Not only has the trademark scoop been ditched, so too has the manual transmission.

Subaru will offer the new Forester 2.0 XT and 2.0 XT Premium models exclusively with a continuously variable transmission.

The fourth-generation Subaru Forester XT also follows the downsizing trend when it comes to engine displacement, moving from a turbocharged 2.5-litre engine on the previous generation to an all-new direct-injected turbocharged 2.0-litre unit.

Despite the adoption of a smaller engine, power and torque have increased from 169kW and 320Nm, to 177kW and 350Nm with the new car. Performance has also improved, the new-generation Forester XT able to sprint from 0-100km/h in 7.5 seconds (down from 7.9 on the previous XT auto).

As the range-topping, performance-focused model, you may expect the new-generation Forester XT to better distinguish itself from its Forester siblings, particularly given the decision to delete the all-telling bonnet scoop.

But apart from ‘XT’ badging and some cosmetic work around the grille, it looks pretty much the same as the other Forester variants.

Inside, the $43,490 Forester XT gets including sports pedals, electric sunroof and dual-zone climate-control. Disappointingly, however, buyers need to spend a hefty $50,490 for the Forester XT Premium to get satellite navigation, and basics such as auto headlamps and rain-sensing wipers. The Premium also adds push button start with keyless entry, power tailgate, and Harman Kardon sound system.

On the road it doesn’t take long to be impressed by the new Forester XT’s downsized engine and CVT.

We were mildly sceptical about the switch from an automatic transmission to a constantly variable unit, but the new 2.0-litre turbocharged engine mated with Subaru’s Lineartronic CVT is a cracker of a marriage.

Working in-sync with the powertrain is SI-Drive – derived from the Liberty, it features across the new Forester range. The system, activated via a switch on the steering wheel, allows drivers to select a range of engine and transmission settings in three modes: Intelligent (I), Sport (S) and Sport-sharp (only on the XT).

We kicked off in the Intelligent setting, which provided a smooth, but tempered power delivery. However, if you need to move quickly, throttle response and torque from the Forester XT in this mode is more than adequate - even for freeway-speed overtaking.

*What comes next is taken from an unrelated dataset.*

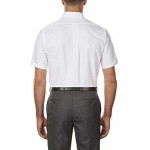 Van Heusen Men's Dress Shirts Short Sleeve Oxford Solid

Switching to Sport-sharp mode and using the steering wheel-mounted paddle shifters not only delivers more immediate accelerator response, but also employs an eight-step gear selection that feels similar to a traditional manual transmission.

It’s an intuitive system, slurring from eighth to sixth with the slightest dab on the throttle from a steady cruising speed, and from sixth to third under full throttle.

More importantly, the shifts are smooth and the engine is superbly refined and quiet. Even when driving spiritedly, using the engine to maximum potential, you’ll be hard-pressed picking what rpm you’re at – such is the level of noise insulation in the Forester XT.

That’s something we didn’t anticipate from the reduced engine capacity and CVT combination.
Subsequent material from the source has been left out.